_What the exercise asks_. Among the records below, find each line bearing the word "Drawstring" and copy it.

_Data extract_.
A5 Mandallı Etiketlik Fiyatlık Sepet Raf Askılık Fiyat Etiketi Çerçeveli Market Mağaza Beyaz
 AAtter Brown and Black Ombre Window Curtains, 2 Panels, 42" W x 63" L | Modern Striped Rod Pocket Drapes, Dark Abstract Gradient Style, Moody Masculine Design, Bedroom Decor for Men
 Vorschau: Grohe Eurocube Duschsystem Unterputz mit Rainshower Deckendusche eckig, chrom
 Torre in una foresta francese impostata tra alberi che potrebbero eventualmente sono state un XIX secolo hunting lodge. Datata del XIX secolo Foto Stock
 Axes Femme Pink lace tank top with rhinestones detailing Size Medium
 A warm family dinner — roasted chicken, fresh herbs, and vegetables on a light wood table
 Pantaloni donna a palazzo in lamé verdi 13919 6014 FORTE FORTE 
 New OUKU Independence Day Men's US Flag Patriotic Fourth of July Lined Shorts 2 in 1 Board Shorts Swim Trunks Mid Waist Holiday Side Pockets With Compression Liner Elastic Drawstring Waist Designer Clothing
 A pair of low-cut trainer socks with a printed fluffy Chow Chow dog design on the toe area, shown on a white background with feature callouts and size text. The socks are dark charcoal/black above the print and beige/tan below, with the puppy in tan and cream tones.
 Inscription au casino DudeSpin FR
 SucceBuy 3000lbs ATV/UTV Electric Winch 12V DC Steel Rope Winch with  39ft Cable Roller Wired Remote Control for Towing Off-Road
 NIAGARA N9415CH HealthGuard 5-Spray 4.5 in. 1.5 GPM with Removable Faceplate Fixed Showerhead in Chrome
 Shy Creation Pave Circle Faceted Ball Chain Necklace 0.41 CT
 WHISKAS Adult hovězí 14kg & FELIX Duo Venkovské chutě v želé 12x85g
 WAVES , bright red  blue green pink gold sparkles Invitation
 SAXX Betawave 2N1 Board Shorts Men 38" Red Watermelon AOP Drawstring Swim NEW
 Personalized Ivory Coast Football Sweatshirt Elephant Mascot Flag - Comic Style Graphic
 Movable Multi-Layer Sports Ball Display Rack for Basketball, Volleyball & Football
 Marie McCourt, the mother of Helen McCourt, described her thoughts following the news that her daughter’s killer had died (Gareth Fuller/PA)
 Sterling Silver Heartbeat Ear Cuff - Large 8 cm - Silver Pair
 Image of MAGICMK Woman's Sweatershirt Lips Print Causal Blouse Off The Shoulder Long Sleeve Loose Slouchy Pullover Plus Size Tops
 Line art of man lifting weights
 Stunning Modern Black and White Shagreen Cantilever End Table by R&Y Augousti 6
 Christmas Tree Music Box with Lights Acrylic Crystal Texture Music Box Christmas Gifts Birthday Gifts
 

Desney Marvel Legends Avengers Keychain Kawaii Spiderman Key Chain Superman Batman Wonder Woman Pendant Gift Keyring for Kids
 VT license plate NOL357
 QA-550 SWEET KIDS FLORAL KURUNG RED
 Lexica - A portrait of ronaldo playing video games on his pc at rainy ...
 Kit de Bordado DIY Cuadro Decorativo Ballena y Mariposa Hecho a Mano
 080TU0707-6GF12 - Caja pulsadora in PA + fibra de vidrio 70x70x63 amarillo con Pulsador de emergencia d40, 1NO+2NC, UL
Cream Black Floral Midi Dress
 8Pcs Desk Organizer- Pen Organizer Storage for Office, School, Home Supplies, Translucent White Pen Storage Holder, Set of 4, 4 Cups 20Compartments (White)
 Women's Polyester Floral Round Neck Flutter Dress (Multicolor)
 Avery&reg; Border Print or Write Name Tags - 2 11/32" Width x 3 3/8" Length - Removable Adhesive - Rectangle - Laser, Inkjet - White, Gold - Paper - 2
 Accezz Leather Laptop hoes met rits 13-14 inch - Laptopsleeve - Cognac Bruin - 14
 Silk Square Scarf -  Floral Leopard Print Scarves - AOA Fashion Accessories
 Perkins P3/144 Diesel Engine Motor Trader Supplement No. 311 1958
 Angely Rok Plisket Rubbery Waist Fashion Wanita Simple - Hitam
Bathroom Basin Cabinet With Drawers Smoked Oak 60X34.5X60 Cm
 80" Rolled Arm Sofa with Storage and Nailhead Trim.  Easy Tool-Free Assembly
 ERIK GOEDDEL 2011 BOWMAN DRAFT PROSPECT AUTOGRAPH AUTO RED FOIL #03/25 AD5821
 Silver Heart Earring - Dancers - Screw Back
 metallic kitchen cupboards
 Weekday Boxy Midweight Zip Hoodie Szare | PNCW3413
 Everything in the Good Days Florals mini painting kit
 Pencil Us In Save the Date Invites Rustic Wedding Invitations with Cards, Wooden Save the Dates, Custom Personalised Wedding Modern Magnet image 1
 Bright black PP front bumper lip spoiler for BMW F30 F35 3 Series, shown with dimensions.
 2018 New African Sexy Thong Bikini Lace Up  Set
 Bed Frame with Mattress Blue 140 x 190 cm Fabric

_Exercise output_.
 New OUKU Independence Day Men's US Flag Patriotic Fourth of July Lined Shorts 2 in 1 Board Shorts Swim Trunks Mid Waist Holiday Side Pockets With Compression Liner Elastic Drawstring Waist Designer Clothing
 SAXX Betawave 2N1 Board Shorts Men 38" Red Watermelon AOP Drawstring Swim NEW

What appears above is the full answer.